Crucible: The Trials Review
Crucible, the new side project put together by vocalist Dave Stephens and bass player Andrew Glass of We Came as Romans was birthed from the need to play something heavier than their current gig, WCAR, could offer. Stephens and Glass have thrown their chips in the air and recruited fellow Michiganders, guitar players Todd Jansen of Assassins and current WCAR guitar player Lou Cotton along with former Taproot drummer Nick Fredell.
Crucible tackles a myriad of every day issues such as mass media, society, organized religion and racism. With lines like “They depict forced impressions, disguised as a lesson”, “All we do is hate, we raise the death rate”, ”Dear God save me from this prison, SAVE ME FROM RELIGION”

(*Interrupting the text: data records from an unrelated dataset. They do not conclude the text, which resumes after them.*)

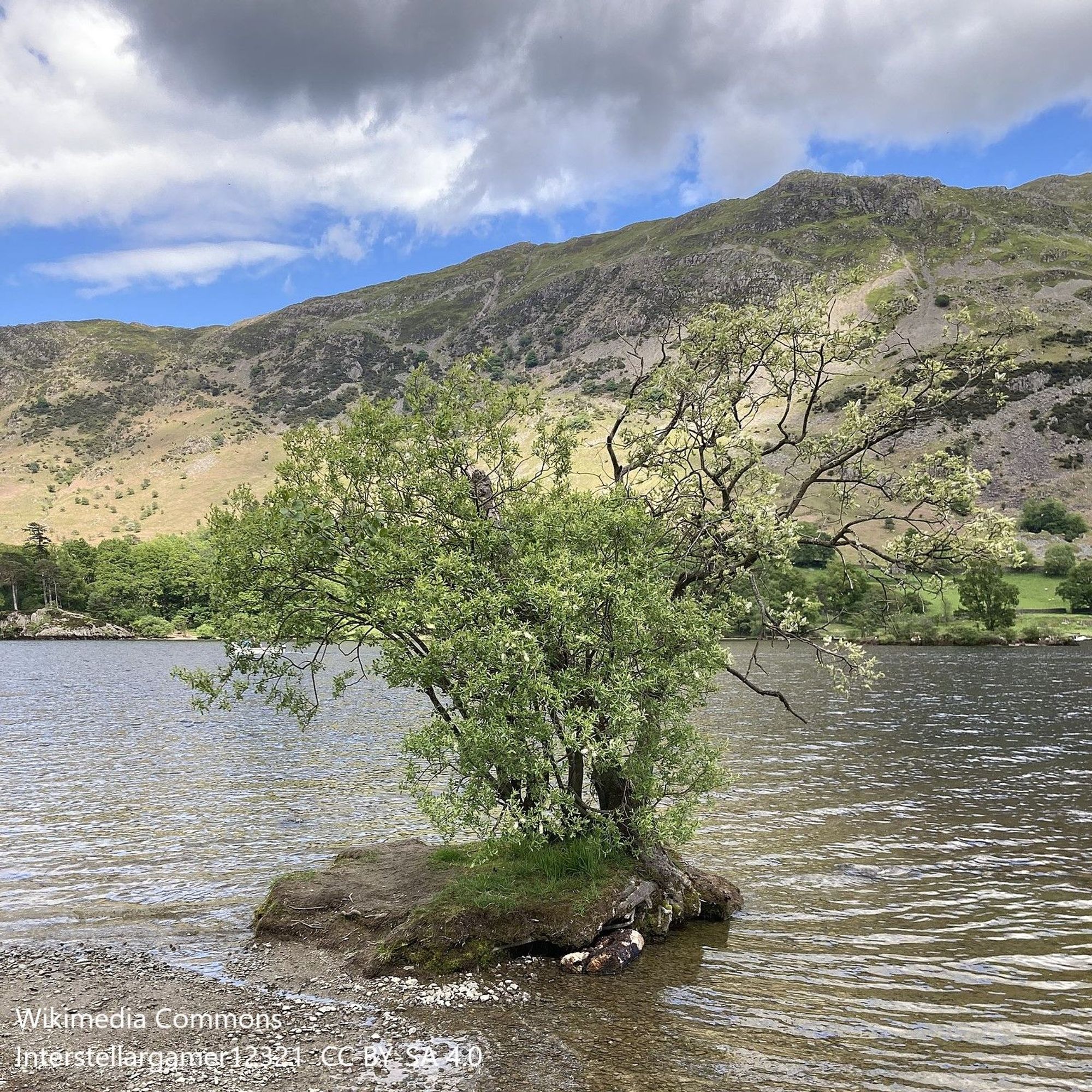 Small tree on micro-island at edge of large lake with steep mountainside behind. Sky blue with grey clouds.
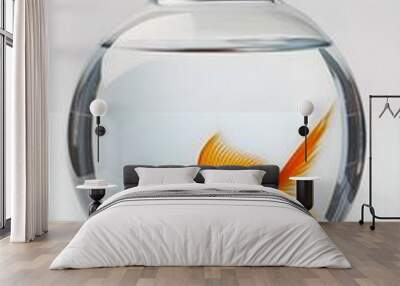 a goldfish in a bowl on a white background Wall mural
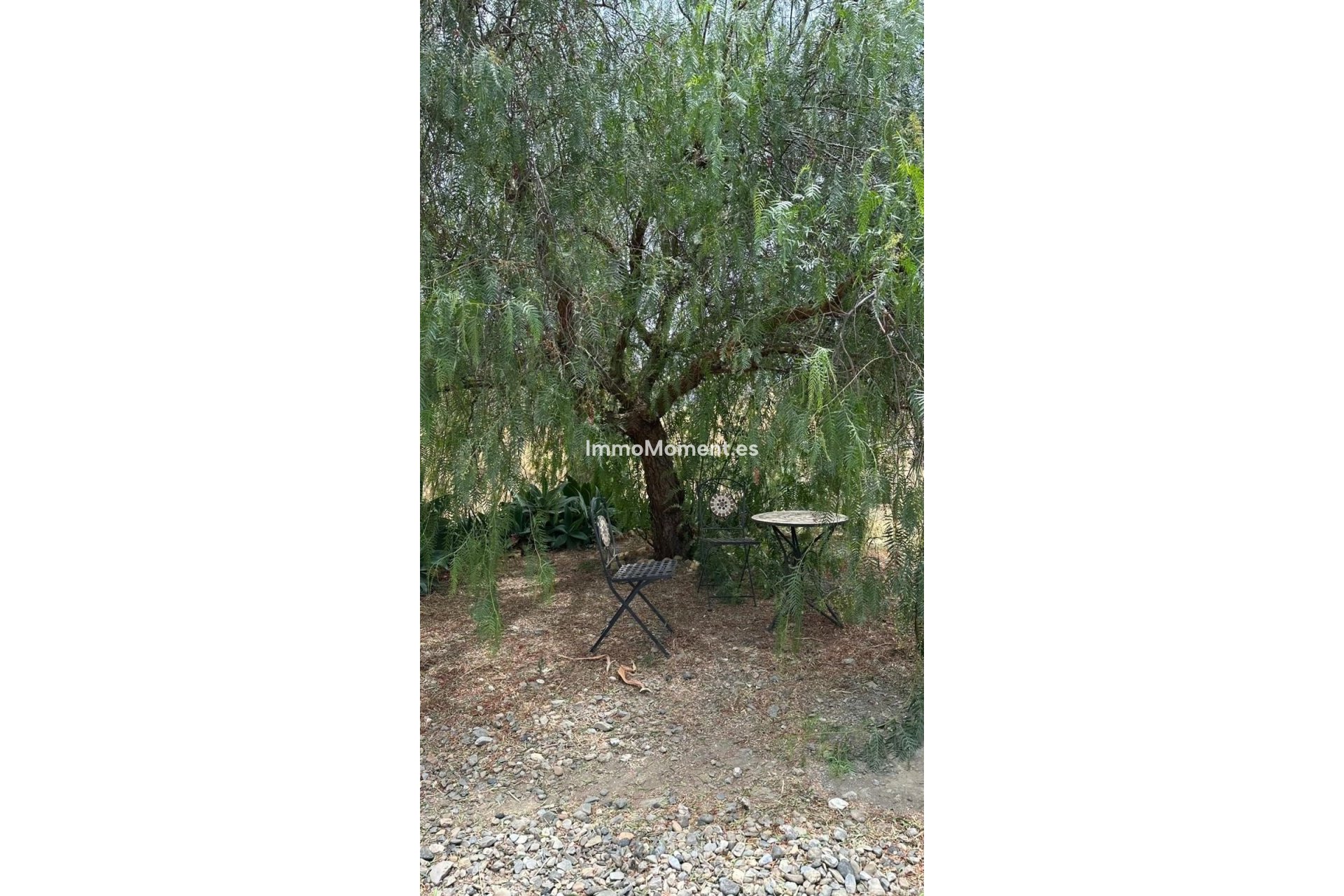 Revente - Villa - Intérieur                       - Alora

The Trials, Crucible’s initial offering, opens up with the title track, The Trials. Opening with transcendent layered guitar and bass lines gives the feeling that a thick fog has just rolled in. Stephens promptly splits that fog with his gritty and angst ridden vocals. The Trials is the tone setting track for an e.p. t hat grabs you by the throat and never relinquishes it grip throughout its entirety. The cherry on top are guest vocals by Brandan Schieppati of Bleeding Through, Davey Muise of Vanna, Landon Tewers of The Plot in You , Kyle Pavone of WCAR.
Typically, I find myself guarded when a group like Crucible comes together and slides out of the shadows to feed their inner desire to play another genre of music. Not because they don’t deserve to feed that monster, more so, because I tend to play the comparison game and their latest project doesn’t live up to my own hype. Crucible DOES live up to my own self derived hype. In all honesty, I think that it’s better than the bands that put them in the spotlight.
Bottom Line – I can only hope that Crucible isn’t a one off project because The Trials left me wishing that it wasn’t just an e.p.